From: Kyotaro HORIGUCHI <horiguchi(dot)kyotaro(at)lab(dot)ntt(dot)co(dot)jp>
To: jdnelson(at)dyn(dot)com
Cc: pgsql-hackers(at)postgresql(dot)org, pgsql-bugs(at)postgresql(dot)org
Subject: Re: Bug in Physical Replication Slots (at least 9.5)?
Date: 2017-01-17 10:36:45
Message-ID: 20170117.193645.160386781.horiguchi.kyotaro@lab.ntt.co.jp
Views: Raw Message | Whole Thread | Download mbox | Resend email
Thread:
Lists: pgsql-bugs pgsql-hackers

Hello. I added pgsql-hackers.

This occurs also on git master and back to 9.4.

At Fri, 13 Jan 2017 08:47:06 -0600, Jonathon Nelson <jdnelson(at)dyn(dot)com> wrote in <CACJqAM1ydcZcd5DoCp+y5hkWto1ZeGW+Mj8UK7avqctbGJO8Bw(at)mail(dot)gmail(dot)com>
> On Mon, Nov 28, 2016 at 1:39 PM, Jonathon Nelson <jdnelson(at)dyn(dot)com> wrote:
> > First, the postgresql configuration differs only minimally from the stock
> > config:
> >
> > Assume wal_keep_segments = 0.
> > Assume the use of physical replication slots.
> > Assume one master, one standby.
> >
> > Lastly, we have observed the behavior "in the wild" at least twice and in
> > the lab a dozen or so times.
> >
> > EXAMPLE #1 (logs are from the replica):
> >
> > user=,db=,app=,client= DEBUG: creating and filling new WAL file
> > user=,db=,app=,client= DEBUG: done creating and filling new WAL file
> > user=,db=,app=,client= DEBUG: sending write 6/8B000000 flush 6/8A000000
> > apply 5/748425A0
> > user=,db=,app=,client= DEBUG: sending write 6/8B000000 flush 6/8B000000
> > apply 5/74843020
> > <control-c here>
> > user=,db=,app=,client= DEBUG: postmaster received signal 2
> > user=,db=,app=,client= LOG: received fast shutdown request
> > user=,db=,app=,client= LOG: aborting any active transactions
> >
> > And, upon restart:
> >
> > user=,db=,app=,client= LOG: restartpoint starting: xlog
> > user=,db=,app=,client= DEBUG: updated min recovery point to 6/67002390 on
> > timeline 1
> > user=,db=,app=,client= DEBUG: performing replication slot checkpoint
> > user=,db=,app=,client= DEBUG: updated min recovery point to 6/671768C0 on
> > timeline 1
> > user=,db=,app=,client= CONTEXT: writing block 589 of relation
> > base/13294/16501
> > user=,db=,app=,client= LOG: invalid magic number 0000 in log segment
> > 00000001000000060000008B, offset 0
> > user=,db=,app=,client= DEBUG: switched WAL source from archive to stream
> > after failure
> > user=,db=,app=,client= LOG: started streaming WAL from primary at
> > 6/8A000000 on timeline 1
> > user=,db=,app=,client= FATAL: could not receive data from WAL stream:
> > ERROR: requested WAL segment 00000001000000060000008A has already been
> > removed

I managed to reproduce this.

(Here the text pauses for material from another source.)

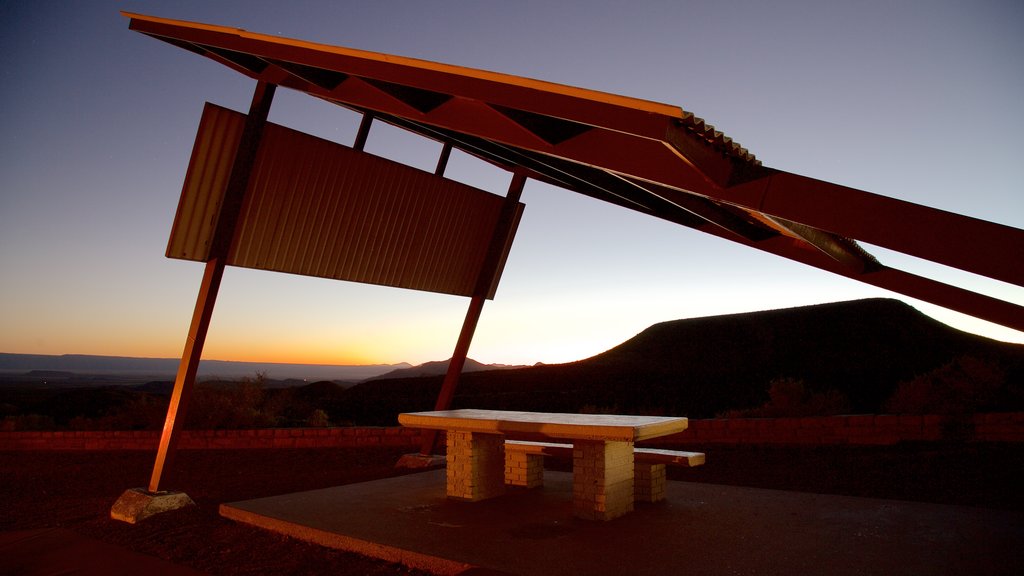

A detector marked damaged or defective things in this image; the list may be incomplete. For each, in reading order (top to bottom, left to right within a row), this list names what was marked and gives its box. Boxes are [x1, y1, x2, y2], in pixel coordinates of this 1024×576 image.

A little tweak as the first patch
lets the standby to suicide as soon as walreceiver sees a
contrecord at the beginning of a segment.

- M(aster): createdb as a master with wal_keep_segments = 0
(default), min_log_messages = debug2
- M: Create a physical repslot.
- S(tandby): Setup a standby database.
- S: Edit recovery.conf to use the replication slot above then
start it.
- S: touch /tmp/hoge
- M: Run pgbench ...
- S: After a while, the standby stops.
> LOG: #################### STOP THE SERVER

- M: Stop pgbench.
- M: Do 'checkpoint;' twice.
- S: rm /tmp/hoge
- S: Fails to catch up with the following error.

> FATAL: could not receive data from WAL stream: ERROR: requested WAL segment 00000001000000000000002B has already been removed

This problem occurs when only the earlier parts in a continued
record is replicated then the segment is removed on the
master. In other words, the first half is only on standby, and
the second half is only on the master.

I believe that a continuation record cannot be span over three or
more *segments* (is it right?), so kepping one spare segment
would be enough. The attached second patch does this.

Other possible measures might be,

- Allowing switching wal source while reading a continuation
record. Currently ReadRecord assumes that a continuation record
can be read from single source. But this needs refactoring
involving xlog.c, xlogreader.c and relatives.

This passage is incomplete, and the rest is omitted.